12.03.15
Tunnelling machine Victoria breaks into Liverpool Street
Tunnel machine Victoria has successfully broken into the eastern end of Liverpool Street Crossrail station this week, joining her sister machine Elizabeth, which arrived in January.
The breakthrough, on Tuesday 10 March at about 1pm, is part of Crossrail’s longest tunnel drive – 8.3km from Limmo Peninsula, near Canning Town, to Farringdon.

Liverpool Street is one of 10 new Crossrail stations being built in central and south-east London. The new station will be located between London Underground’s existing Liverpool Street and Moorgate stations, with connections to both.
Up to now, Victoria has bored 750m of tunnel before arriving at her final destination at Farringdon station this spring, when Crossrail tunnelling will finish.

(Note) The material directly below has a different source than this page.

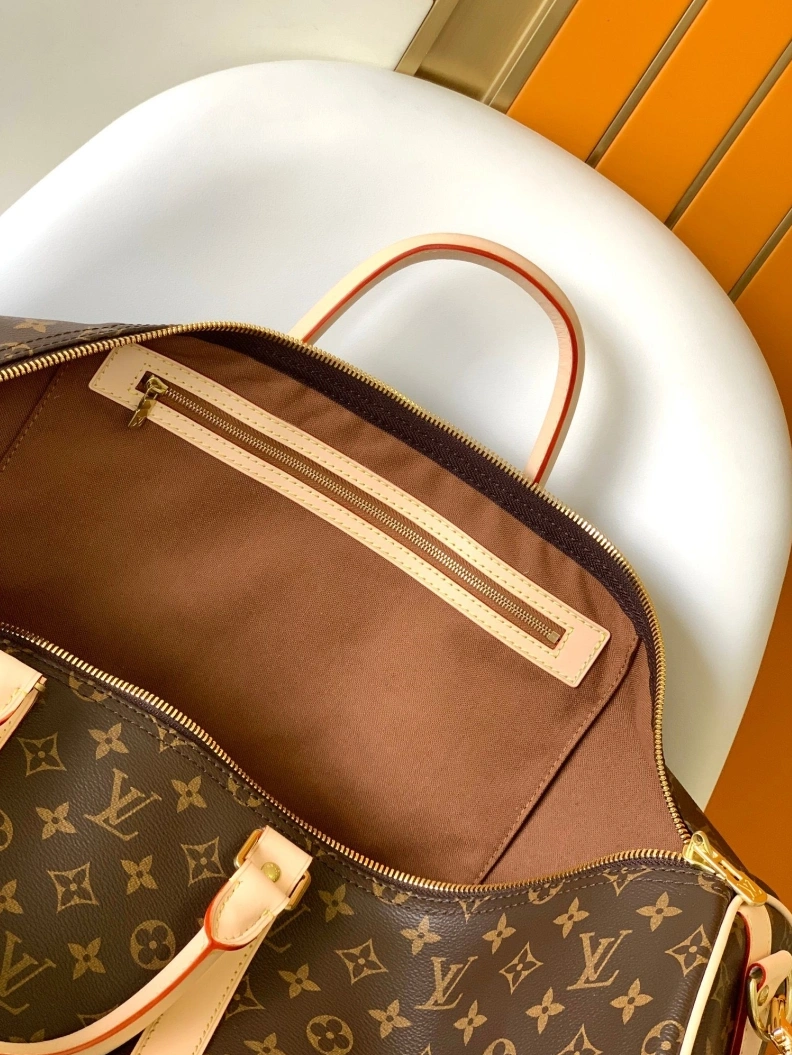 Versatile LX Travel Bags 17950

Elizabeth and Victoria are the last of Crossrail’s eight tunnel machines that have carved a route out beneath the capital, and now more than 40km out of a total 42km of tunnel has now been constructed as part of Europe’s largest infrastructure project.
Joint Venture Dragados Sisk is constructing the eastern tunnels between Pudding Mill Lane and Stepney Green, Limmo Peninsula and Farringdon, and Victoria Dock Portal and Limmo.

The station tunnels at Liverpool Street have been built by a joint venture comprising Balfour Beatty, BeMo Tunnelling, Morgan Sindall and Vinci Construction.
When Elizabeth arrived at Liverpool Street in January, Crossrail CEO Andrew Wolstenholme called it a “phenomenal feat of civil engineering that London can be justifiably proud of”.
“The next challenge is to implement railway systems across the route, keeping the project on time and within budget,” he said.
Crossrail services through central London will commence in December 2018. When the TfL-run Crossrail service is fully open in 2019, it will give commuters easy access to destinations across London and the South East including Canary Wharf and Heathrow.